泊松编辑（Poisson Image Editing）

本文最后更新于：2024年5月7日下午

图像融合在cv领域有着广泛用途，其中2003年的论文 Poisson Image Editing - 2003 因其开创性与效果拔群成为了相关领域的经典之作。而且该算法在传统图像融合算法中效果拔群，对该领域影响深远。

简介

泊松图像编辑是一种全自动的“无缝融合”两张图像的技术，由Microsoft Research UK的Patrick Perez，Michel Gangnet, and Andrew Blake在论文“Poisson Image Editing”中首次提出。

泊松编辑主要解决的是两个不同来源信号的无缝融合（seamless cloning）问题
目的是将源图像$g$的一部分内容$\Omega$融合到目标图像$f*$同样大小区域上，并使其自然融合过渡

左上：目标图像$f*$，区域$\Omega$是被源图像内容替换的部分；

左下：源图像$g$，区域$\Omega$内的内容需要贴到目标图像去

右上：直接将源图像信息贴过去会有违和的边缘过渡

右下：将源的信号按照原始梯度关系变化到目标图像边界，达到了无缝融合的效果

泊松编辑的目标是自然地融合来源不同的图像
将源图像粘贴到目标图像上
为了保持过渡平滑，顾及了源图像粘贴区域的梯度信息与目标图像的边缘信息
结合已知信息求解方程组得到泊松编辑图像的结果

理论介绍

符号定义

如上图所示：

图像融合是要把源图像$g$的指定区域$\Omega$融合到目标图像$S$中，边缘区域为$ \partial \Omega $，源图像区域函数$f^*$，目标图像区域函数$f$。
这里面$g$，$\Omega$，$S$，$ \partial \Omega $，$f^*$都是已知量，需要求的是$f$

理论

泊松图像编辑的目的是保留源图像的纹理，无缝融入到新图像中。

实现的思路就是将源图像的梯度保留，应用到目标图像的边界中，解出同时满足梯度和边缘约束条件的方程，得到目标区域像素。

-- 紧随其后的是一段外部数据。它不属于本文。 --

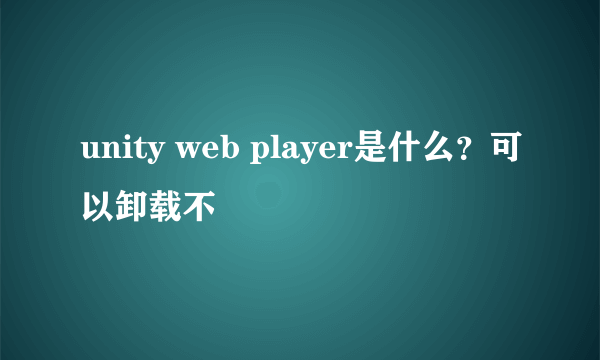 unity web player是什么？可以卸载不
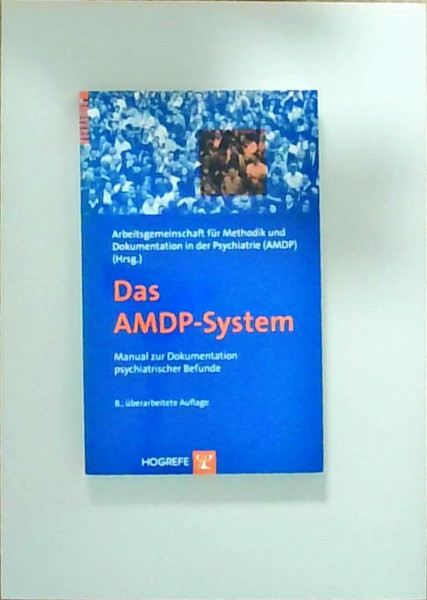 Das AMDP-System: Manual zur Dokumentation psychiatrischer Befunde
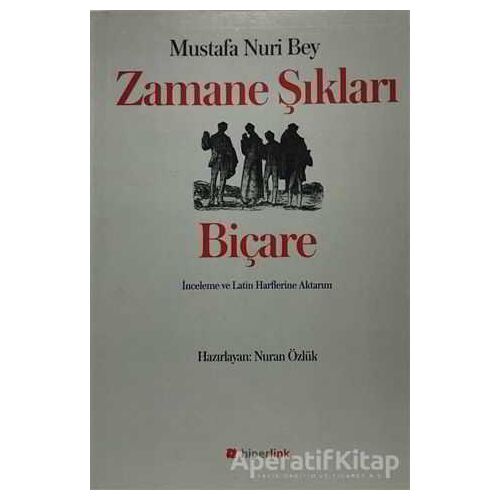 Zamane Şıkları - Biçare - Mustafa Nuri Bey - Hiperlink Yayınları
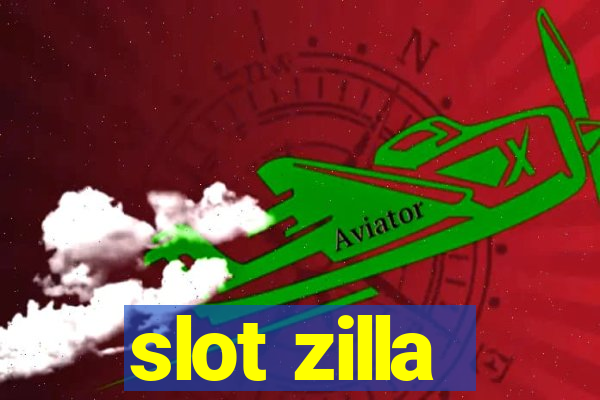 slot zilla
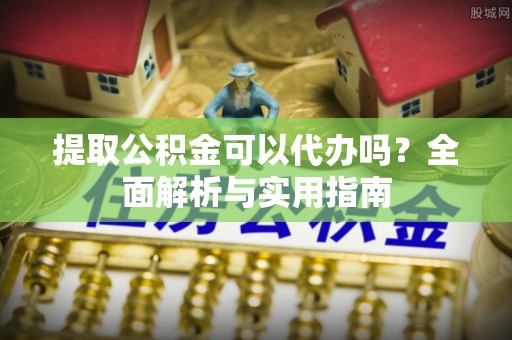 南投市提取公积金可以代办吗？全面解析与实用指南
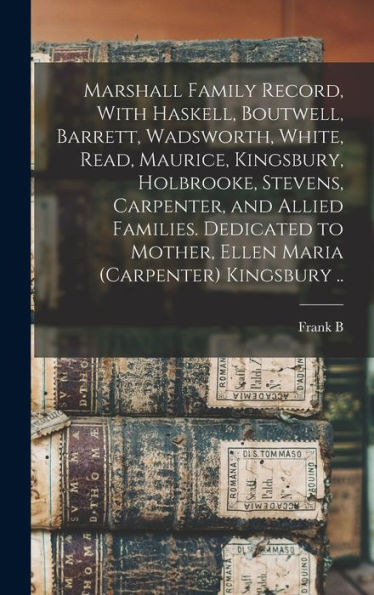 Marshall Family Record, With Haskell, Boutwell, Barrett, Wadsworth, White, Read, Maurice, Kingsbury, Holbrooke, Stevens, Carpenter, And Allied ... Mother, Ellen Maria (Carpenter) Kingsbury ..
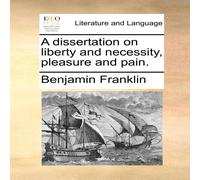 Benjamin Franklin A dissertation on liberty & necessity, pleasure & pain Benjamin Franklin Multicolor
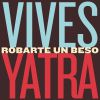 CARLOS VIVES & SEBASTIAN YATRA - Robarte un Beso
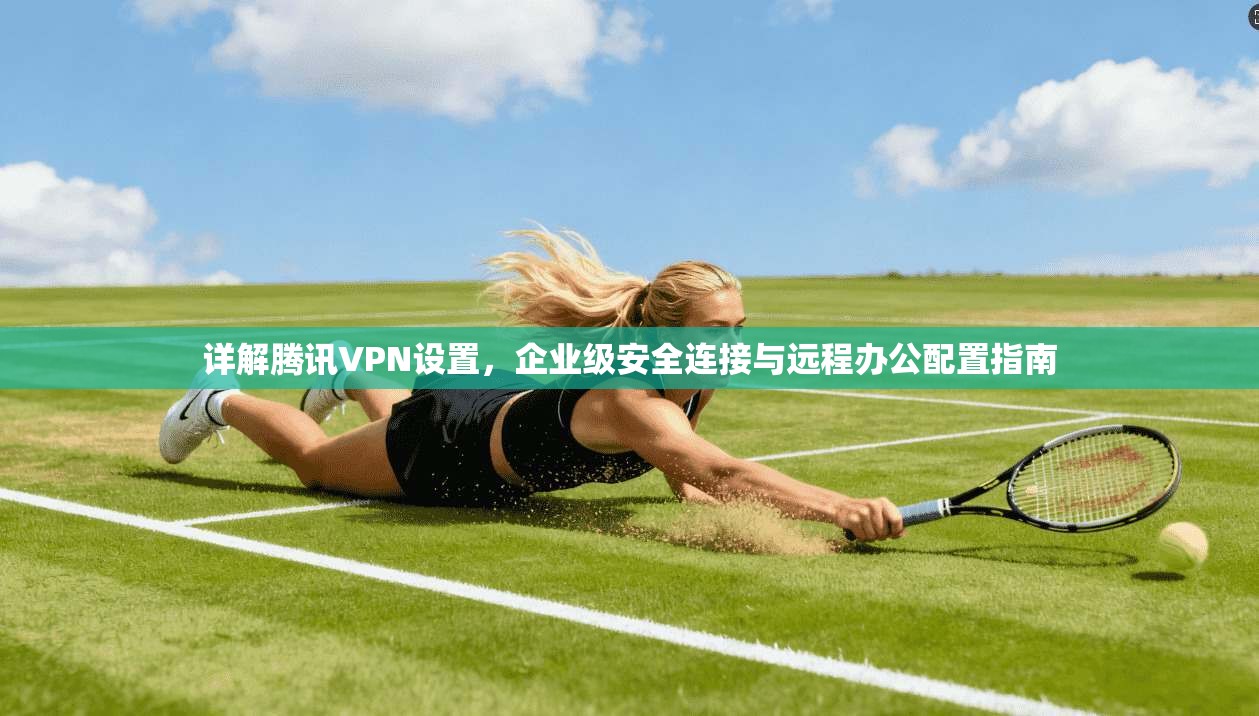 详解腾讯VPN设置，企业级安全连接与远程办公配置指南  第1张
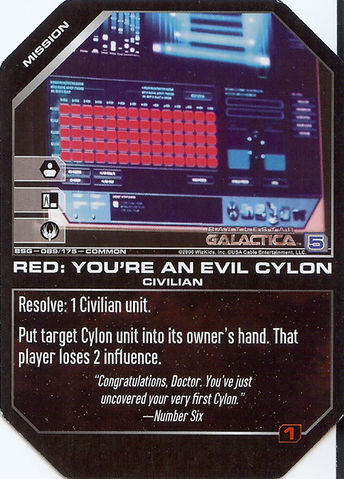 File:BSGCardGameRedYoureAnEvilCylon.jpg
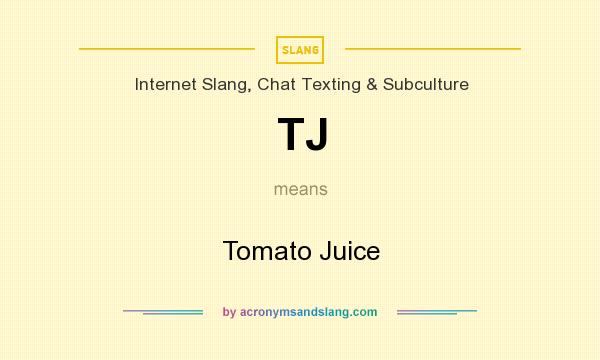 What does TJ mean? It stands for Tomato Juice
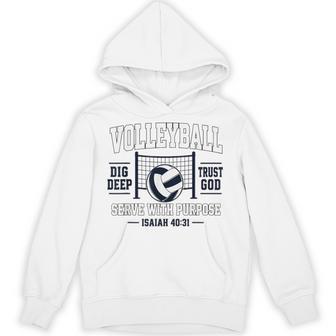 Volleyball Dig Deep Trust God Serve With Purpose Isaiah Hoodie - Thegiftio UK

$$ \min _{f} \iint_{\Omega}|\nabla f-\mathbf{v}|^{2} \quad with \left.\quad f\right|_{\partial \Omega}=\left.f^{*}\right|_{\partial \Omega} $$

$∇f$ 指的是图像函数 $f$ 的梯度

$$
\nabla .=\left[\frac{\partial_{.}}{\partial x}, \frac{\partial}{\partial y}\right]
$$

$v$ 在原论文中是指一个引导向量场（guidance field），当用于图像合成时，它指的就是源图像的梯度。
这意味着上面的变分方程是指在$Ω$ 的区域内，$f$的梯度和源图像的梯度一致，而在$Ω$ 的边缘处f的值则和源图像$f^*$的值一致。这个变分方程的解是如下泊松方程在Dirichlet边界条件时的解，这也是为什么我们的融合方式叫做泊松融合。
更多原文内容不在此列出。